These Wednesdays are the great chasms we have in life. They give us a beauty that is quite severe, frighteningly stark, but beautiful nonetheless. Why? Because that's what chasms do. They divide. They separate. They split. They dissect one thing into two, like your past from your future, your fear from your courage, your puny strength from God's magnificent brawn.

They are our Grand Canyon and, even at a glance, the beauty of the Grand Canyon will take your breath away.

Thursday, June 13, 2013

Itching Should Irritate & other lessons of a relevant life

Years ago, sitting in the back of a darkly lit church, one of those services that you rock out in the beginning and file out in the end, I heard a pastor talk about irritations. He said if something irritates you, then you are the person who needs to do something about it.

That idea irritated me.

He called it my "burden" and this thought has successfully burdened me ever since.

It isn't easy to narrow down that one or one thousand irritations that are yours to address. But in your life, as well as your business, this is one of those small, unassuming, yet distinctive road signs God places at the corner of Do You and Don't You Avenue.

If you want to know what you were created to uniquely do, make a list of your irritations.

If it ends up being nothing but a list of your family's names, try a second sheet of paper.

In Rework, a brilliant book of heretical business advice, authors Jason Fried and David Heinemeier Hansson advise you to "scratch your own itch." Whatever you need, whether it's better accounting software, softer couch cushions, heartier chicken soup, a lipstick that doesn't taste like petroleum jelly, whatever need you have, fill it, whatever burden you carry, fix it.

Scratch your own itch.

I'm working on my list of irritations. Currently, I'm stuck on trying to understand the phenomenon behind uncomfortable shoes for women. Why do we strap pieces of cardboard with cheap rhinestones on our feet? It's painful to walk on so what sense does that make?

This I'm tabling for another day, but at least it's a start.

I've got a few other items, things like:
- government regulation
- the loss of individuality
- broken business models
- the stifling of creative problem-solving
- unqualified people in power
- skinny jeans
- insincere social interaction
- artificiality in any form
- the phrase "you can't do that"
- egos over prudence
- eggs with busted yokes

Outside of a lot of talk and far too many omelets, I've done little about any of it. But I can't forget it. I can't wiggle out from under this "burden" that I'm irritated for a reason. And I really do believe that one day I'm going to walk through a shoe store and become so disgusted with the comfort level available in women's footwear that I'll walk out the door and do something about it.

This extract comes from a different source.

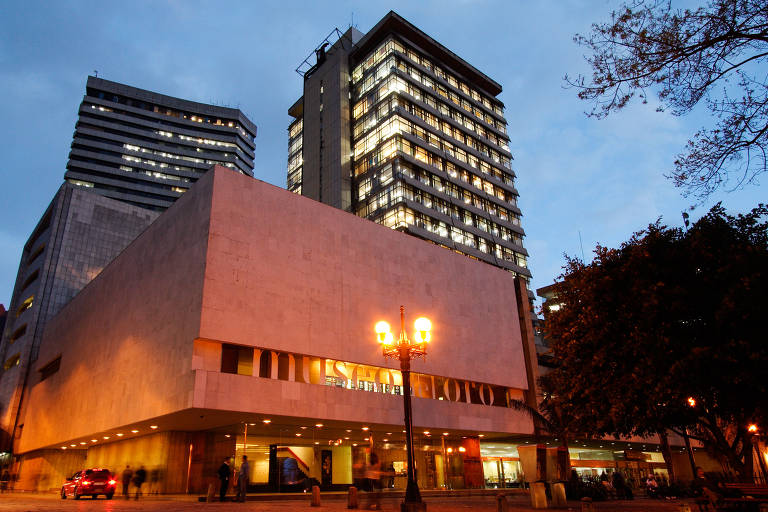 Fachada do Museu do Ouro, em Bogotá, está iluminada por uma luz laranja que vem do solo. Ao fundo, é possível ver prédios da região central, com as janelas acesas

At least I hope that one day something irritates me that much.

On a side note, any thoughts on pillow-top sandals with cheap rhinestones?

Thursday, June 6, 2013

Hidden in Visible Sight

Books are my friends, except those written by H.G. Wells. The Shape of Things to Come and I have parted ways. Otherwise, when asked to catalog my valuables, I usually start with my hair, end with my life, and throw in a personally autographed copy of By The Light of the Moon by Dean Koontz somewhere in the middle.

This is why, when I'm at a particular loss of direction from God, I go to the bookstore. Books talk to me. They amuse me. They reach me. They are also aerodynamic enough to be flung at walls when I don't like what they say.

People are much harder to fling.

This is how I found myself at Mardel's last week. When I'm simply floundering with confusion and even scriptures aren't permeating my thick skull, I'll throw myself on the mercy of the bargain bins and beg God to send me some direction for under $7. What I'm seeking is scripture with commentary. I need someone not completely loony to share their interpretation or inspiration on scripture, since I no longer trust my own. Then I can either read it or fling it at will.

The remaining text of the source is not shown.